[Start of Attachment]

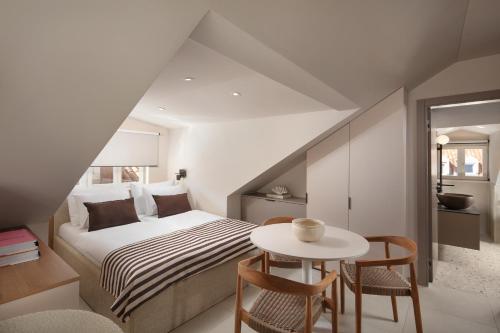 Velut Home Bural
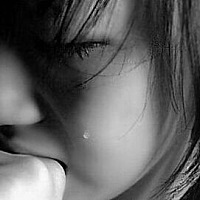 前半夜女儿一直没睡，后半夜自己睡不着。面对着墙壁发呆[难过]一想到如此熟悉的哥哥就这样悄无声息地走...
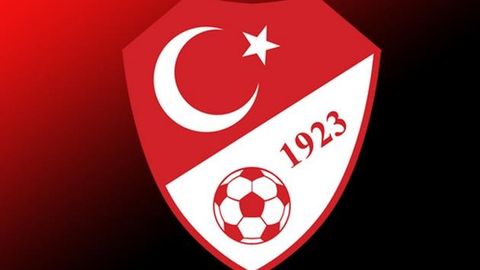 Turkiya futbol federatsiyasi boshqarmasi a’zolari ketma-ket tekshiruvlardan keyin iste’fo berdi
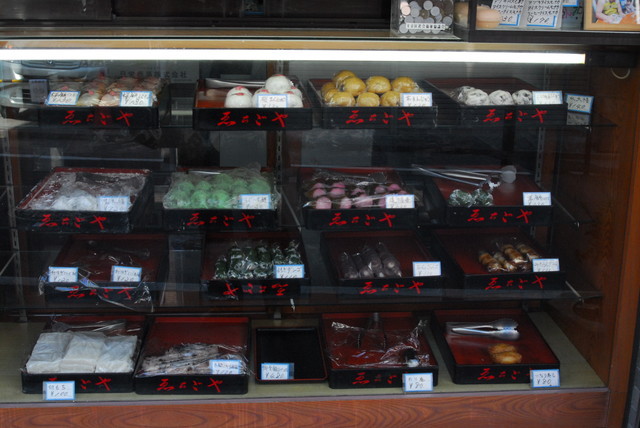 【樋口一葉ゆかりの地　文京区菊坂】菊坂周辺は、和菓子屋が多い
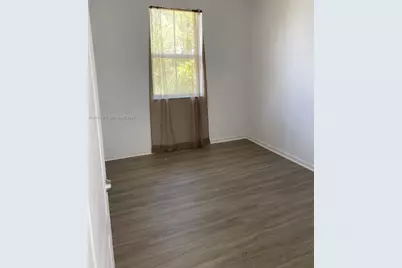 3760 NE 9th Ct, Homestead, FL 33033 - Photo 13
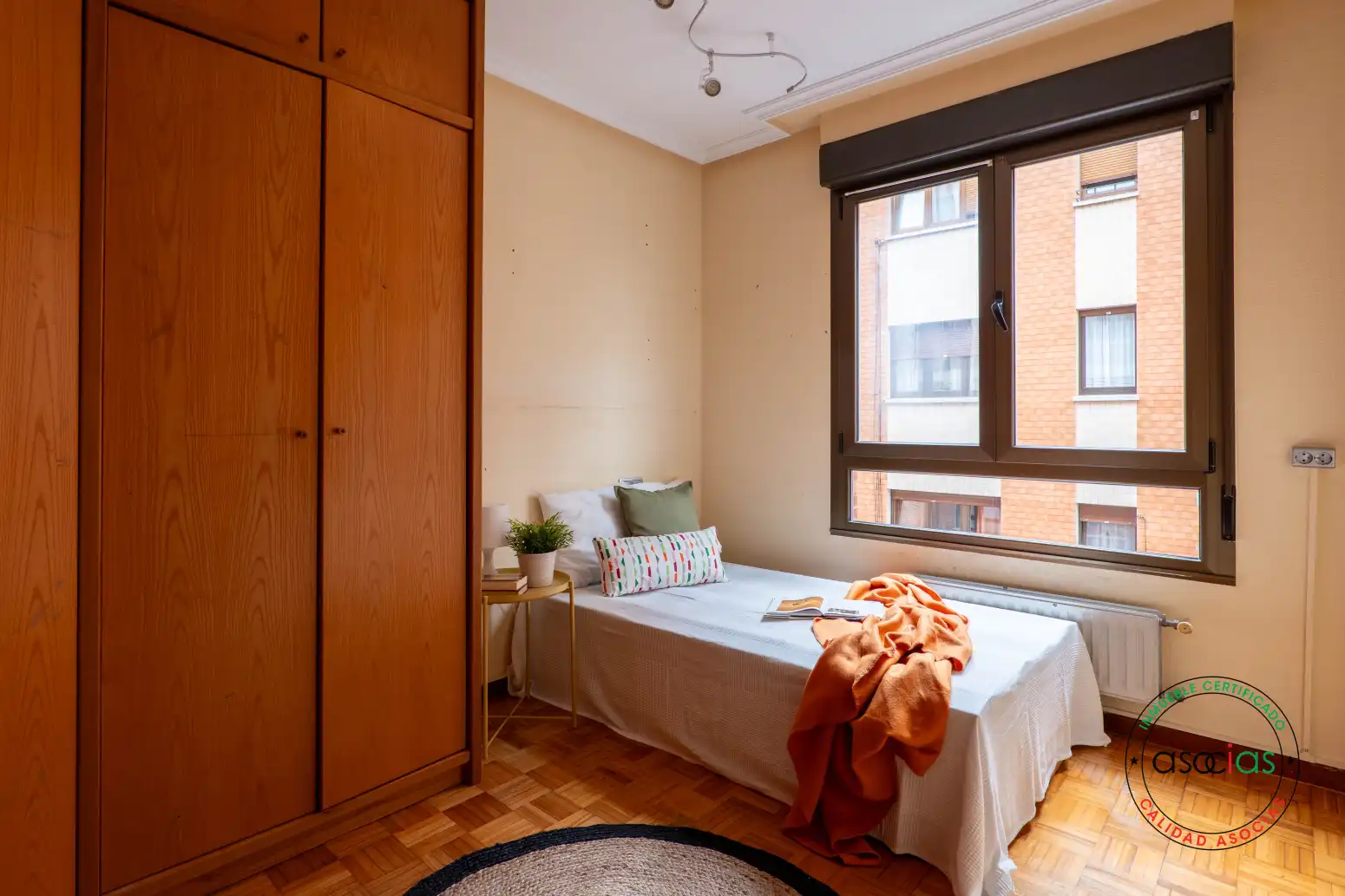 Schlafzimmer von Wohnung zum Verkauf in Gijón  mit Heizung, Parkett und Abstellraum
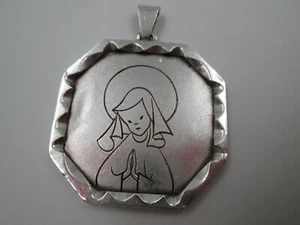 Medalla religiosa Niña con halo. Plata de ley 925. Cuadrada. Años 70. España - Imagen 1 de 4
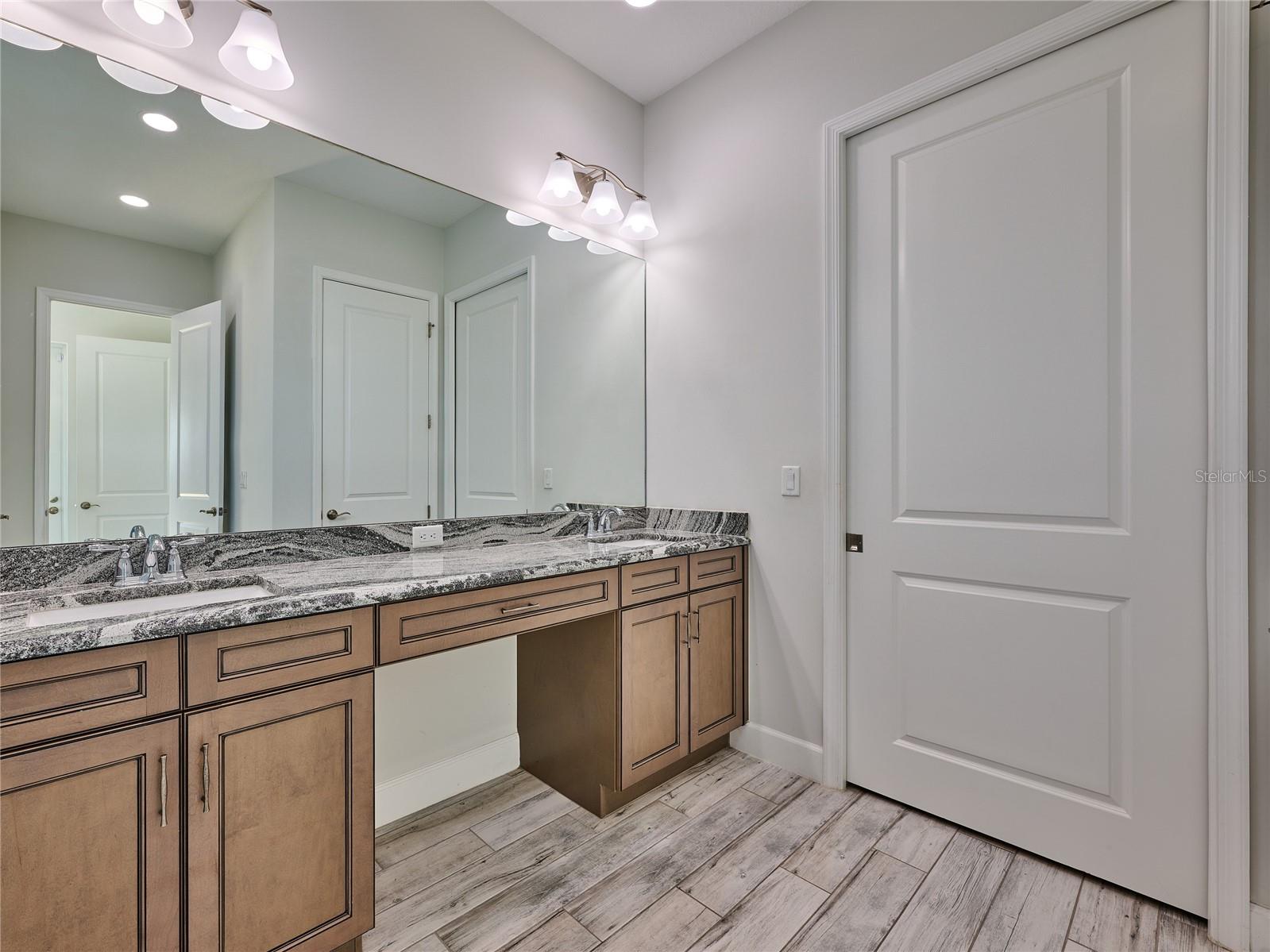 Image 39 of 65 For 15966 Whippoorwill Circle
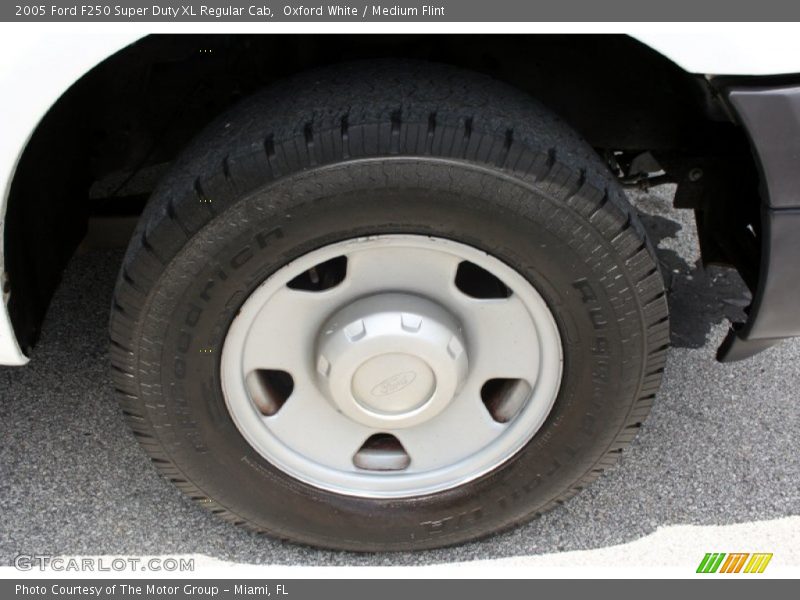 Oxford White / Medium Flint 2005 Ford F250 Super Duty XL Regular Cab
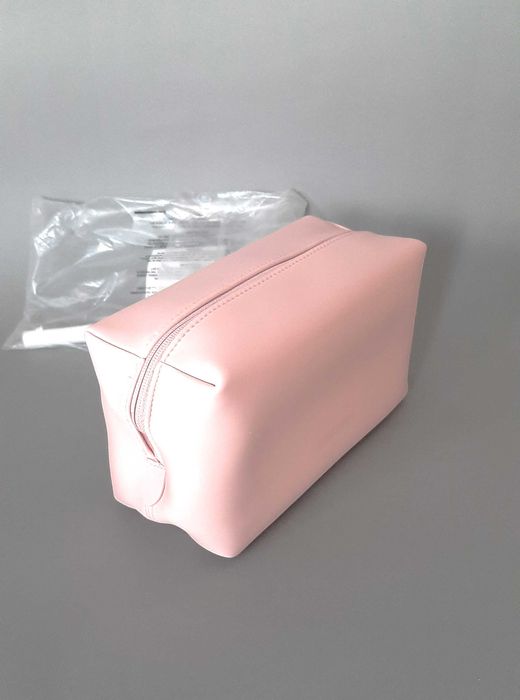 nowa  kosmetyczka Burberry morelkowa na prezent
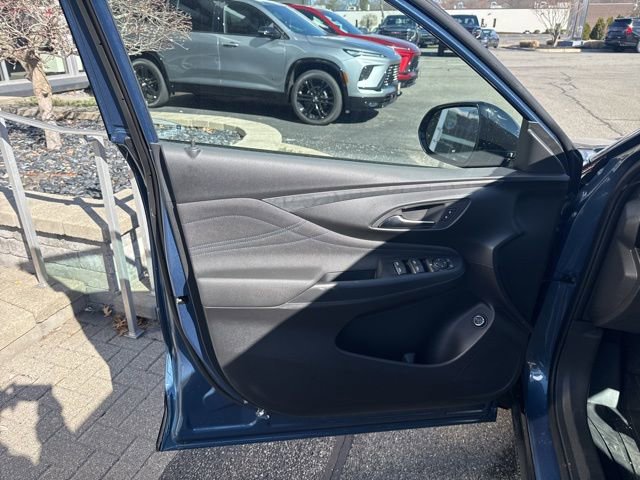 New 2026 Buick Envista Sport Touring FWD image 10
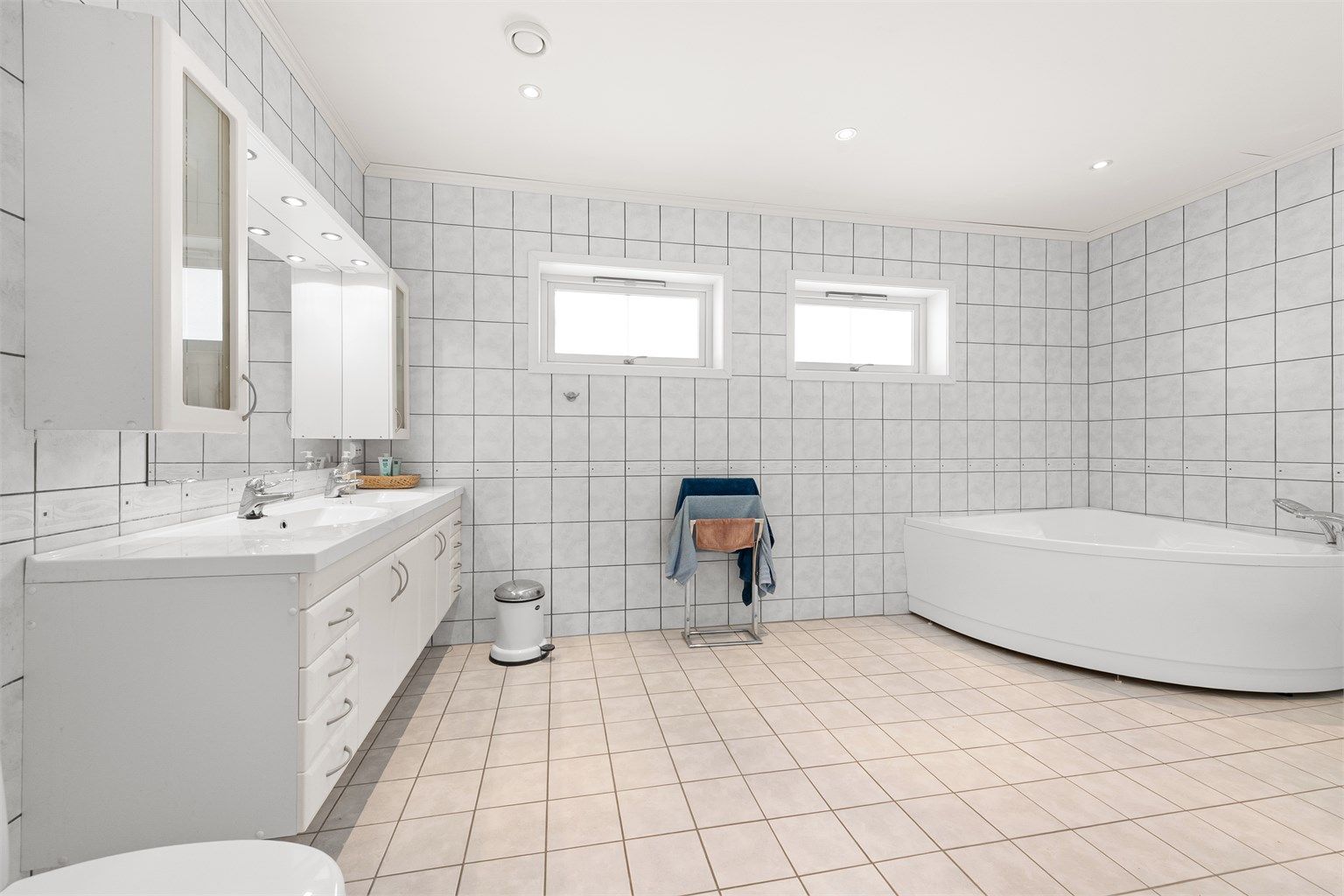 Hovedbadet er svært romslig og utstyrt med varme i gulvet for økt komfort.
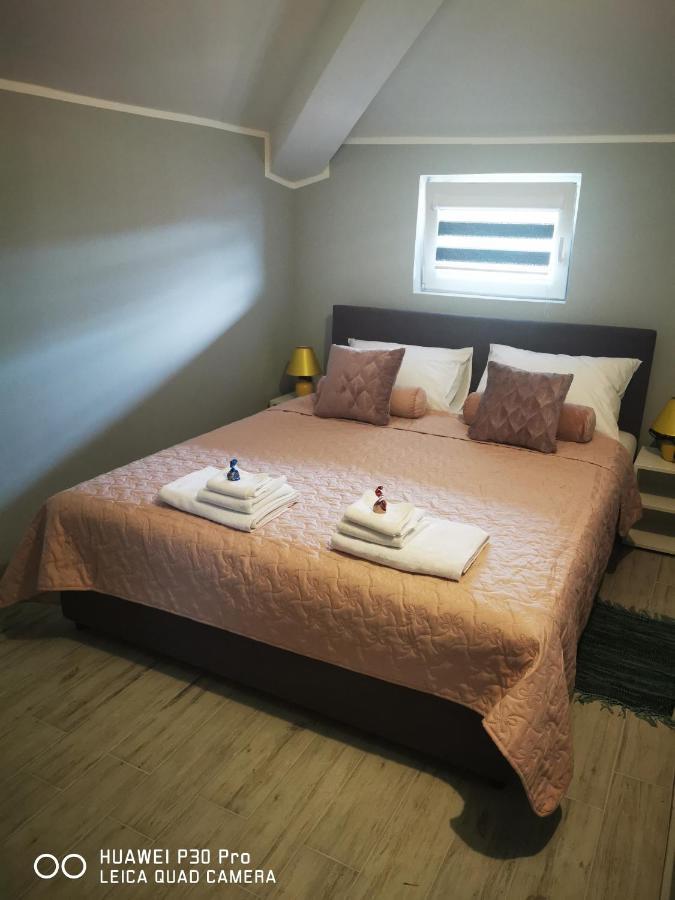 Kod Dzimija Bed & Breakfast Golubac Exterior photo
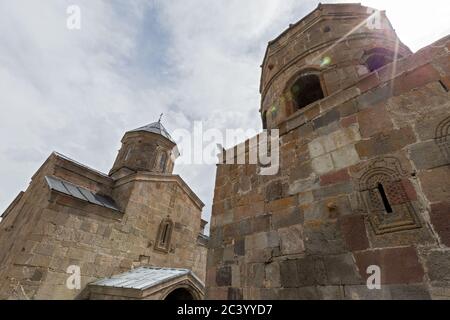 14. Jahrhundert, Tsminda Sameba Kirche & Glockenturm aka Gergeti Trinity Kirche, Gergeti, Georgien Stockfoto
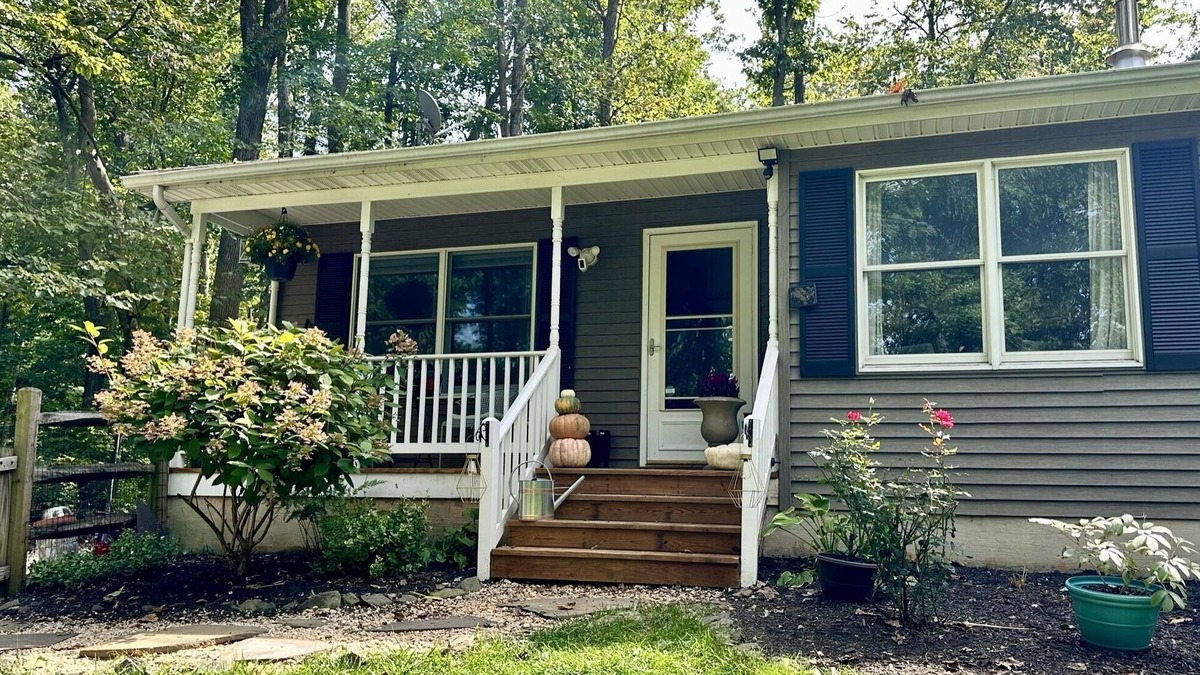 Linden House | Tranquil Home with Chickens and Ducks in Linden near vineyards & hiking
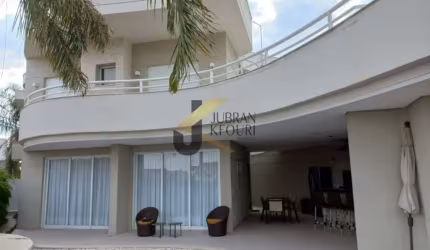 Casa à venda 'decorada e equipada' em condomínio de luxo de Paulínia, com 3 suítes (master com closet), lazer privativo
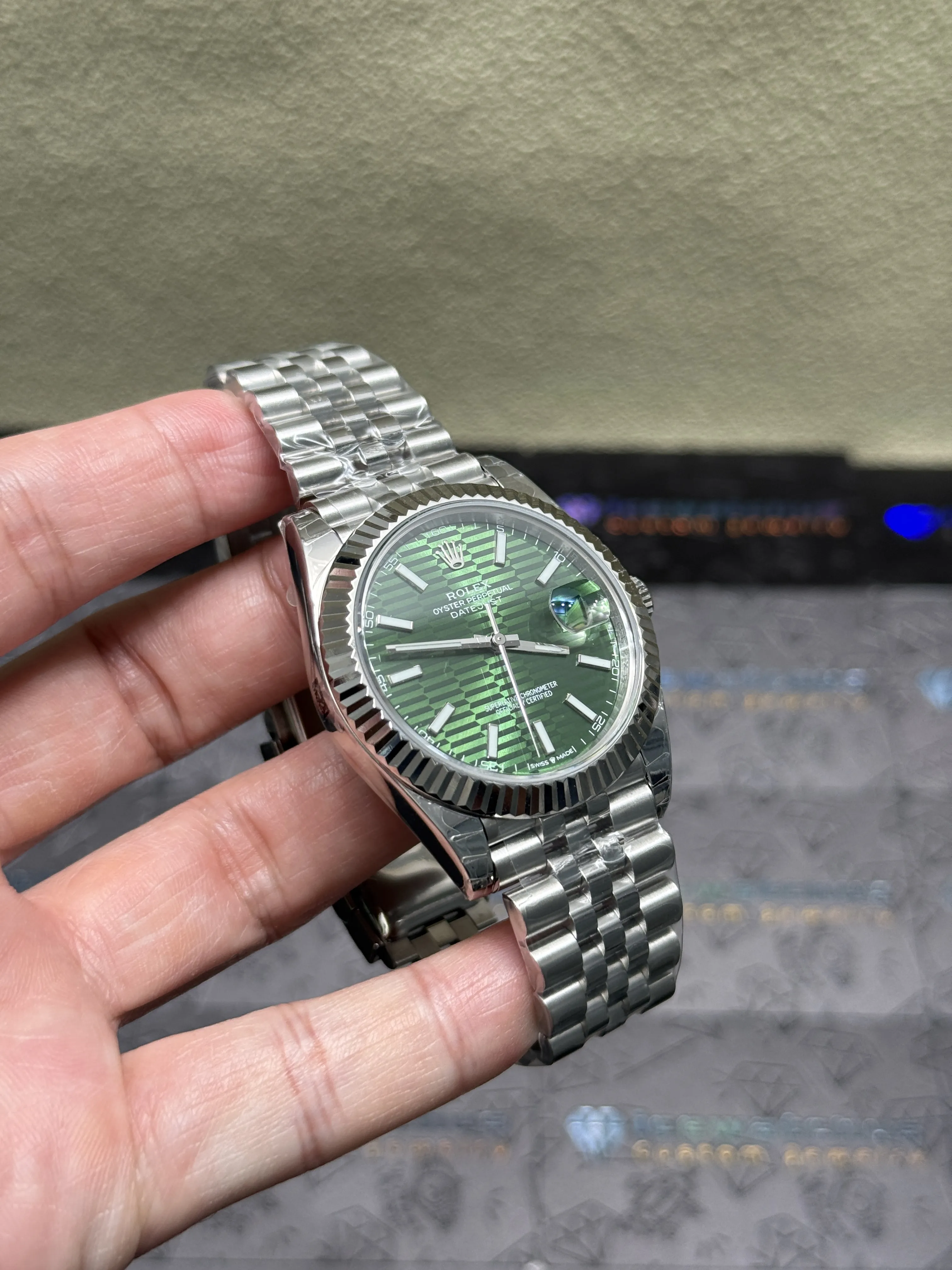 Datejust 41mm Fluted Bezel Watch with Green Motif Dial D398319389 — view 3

[End of Attachment]

**To do**
Word for word, return the records shown above without their pictures.

**Written solution**
 Velut Home Bural
 前半夜女儿一直没睡，后半夜自己睡不着。面对着墙壁发呆[难过]一想到如此熟悉的哥哥就这样悄无声息地走...
 Turkiya futbol federatsiyasi boshqarmasi a’zolari ketma-ket tekshiruvlardan keyin iste’fo berdi
 【樋口一葉ゆかりの地　文京区菊坂】菊坂周辺は、和菓子屋が多い
 3760 NE 9th Ct, Homestead, FL 33033 - Photo 13
 Schlafzimmer von Wohnung zum Verkauf in Gijón  mit Heizung, Parkett und Abstellraum
 Medalla religiosa Niña con halo. Plata de ley 925. Cuadrada. Años 70. España - Imagen 1 de 4
 Image 39 of 65 For 15966 Whippoorwill Circle
 Oxford White / Medium Flint 2005 Ford F250 Super Duty XL Regular Cab
 nowa  kosmetyczka Burberry morelkowa na prezent
 New 2026 Buick Envista Sport Touring FWD image 10
 Hovedbadet er svært romslig og utstyrt med varme i gulvet for økt komfort.
 Kod Dzimija Bed & Breakfast Golubac Exterior photo
 14. Jahrhundert, Tsminda Sameba Kirche & Glockenturm aka Gergeti Trinity Kirche, Gergeti, Georgien Stockfoto
 Linden House | Tranquil Home with Chickens and Ducks in Linden near vineyards & hiking
 Casa à venda 'decorada e equipada' em condomínio de luxo de Paulínia, com 3 suítes (master com closet), lazer privativo
 Datejust 41mm Fluted Bezel Watch with Green Motif Dial D398319389 — view 3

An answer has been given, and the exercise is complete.